The Royal Opera House, that Grant Road landmark shut since 1993, is all set to reopen.
On October 20 it jumps back into the city’s tiny roster of cultural venues with the inaugural ceremony of the MAMI film festival, organised by the Mumbai Academy of Moving Image.
Among those expected to attend are actor Amitabh Bachchan and chief minister Devendra Fadnavis.

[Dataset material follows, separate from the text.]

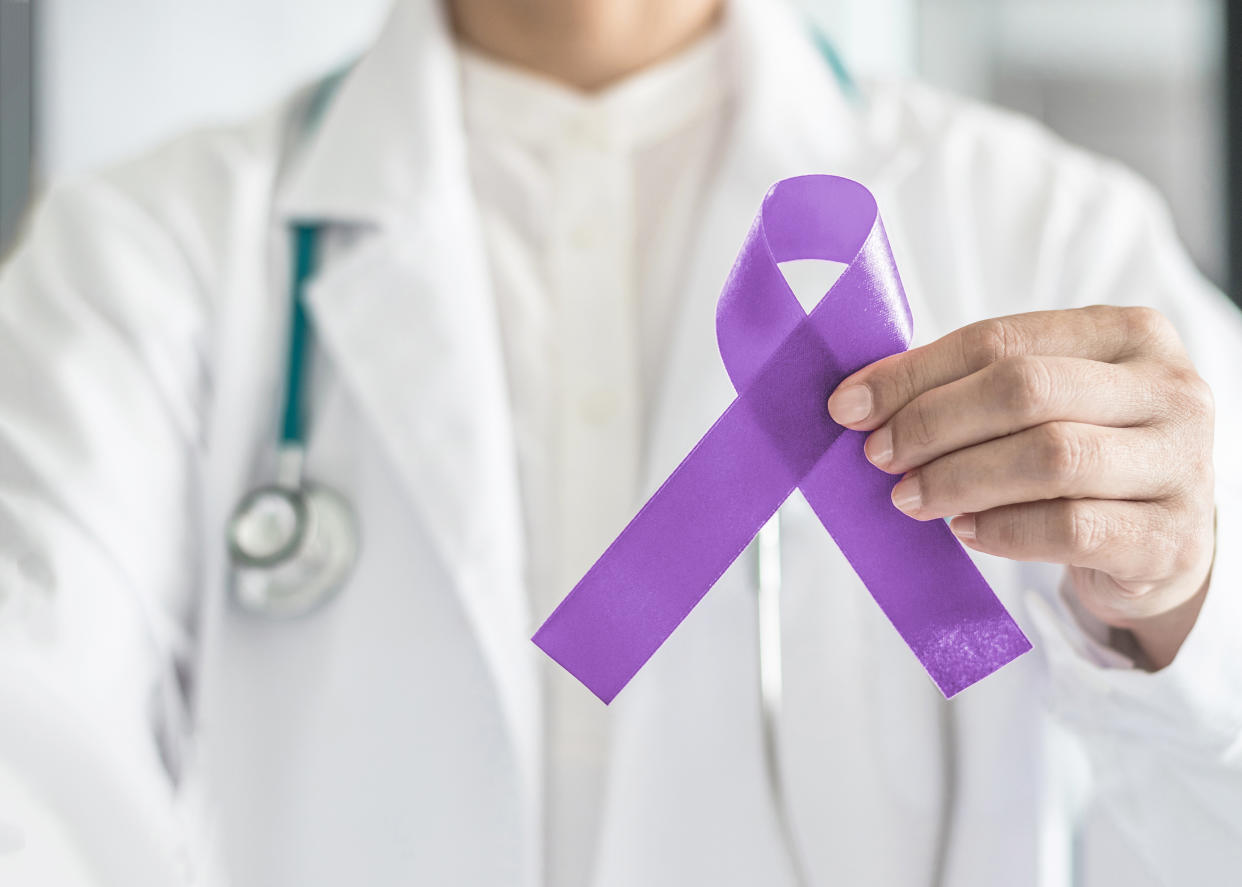 Mantenernos informados acerca de los síntomas y factores de riesgo es una de las primeras medidas para combatir el cáncer. (Getty Creative)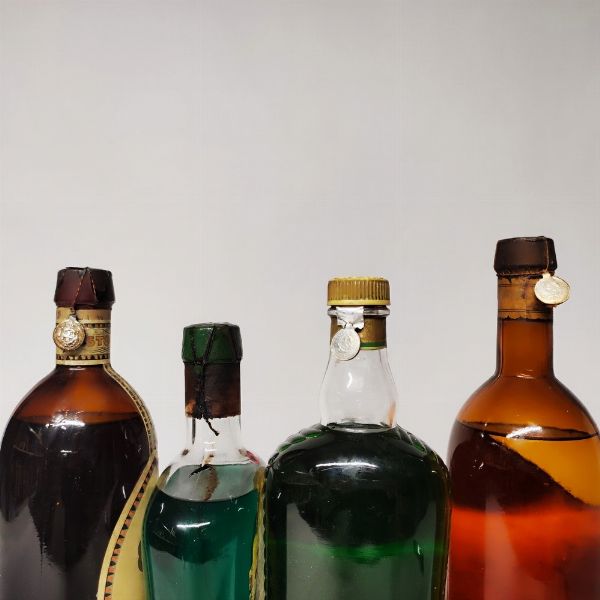 Stock Chartreuse Gialla, Menthe, Liquori  - Asta Wine and Spirits - Associazione Nazionale - Case d'Asta italiane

But for those interested in the city’s history and architecture, the star of the show is likely to be the structure itself.
The 500-seat baroque-style theatre – the only one of its kind in India – was inaugurated by Britain’s King George, during his visit in 1911. It started out hosting plays, concerts and small operas, before live performances gave way to film screenings in the 1930s.
“I remember watching V Shantaram’s Jhanak Jhanak Payal Baje, Raj Kapoor’s best films and Amar Akbar Anthony here,” says Maharani Kumud Kumari of the royal family of Gondal, Gujarat.
Her husband’s grandfather, Bhojraj, bought the opera house from a local coal broker, Jehangir Framji Karaka, in 1952, and she recalls its plush carpets, Italianate balustrades, stained-glass windows and opulent interiors.
Its charms had faded by the 1990s. “We felt terrible about shutting it down,” says Maharani Kumari. “But we were always clear that we wanted to revive it as a proper opera space, with the original 26 box seats, in a city where theatre spaces are so few.”
Restoration plans were drawn up in 2009, under conservation architect Abha Narain Lambah, and approved by the Mumbai Heritage Conservation Committee three years ago. “It was possibly in the worst condition of any structure I’ve ever worked on,” Lambah says. “The steel beams were like lace.”
When Mumbaiites finally step into the restored theatre, they’ll be greeted by throwbacks to a gilded age – two restored chandeliers at the entrance that once belonged to David Sassoon, a dome of frescoes of great men of the arts, Minton floor tiles and gold accents. They’ll doubtless appreciate the modern touches too. “The opera house is finally air-conditioned, has more comfortable seats, updated lighting and acoustics,” says Maharani Kumud.
For MAMI festival director Anupama Chopra, picking the opera house for the opening was “a no-brainer”. “We know how it is tied to the city’s entertainment history,” she says. “Prithviraj Kapoor would take naps in the space above the stage; Lata Mangeshkar has performed here. We couldn’t miss the chance.”
The first public event at the revamped Opera House is slated for November 23.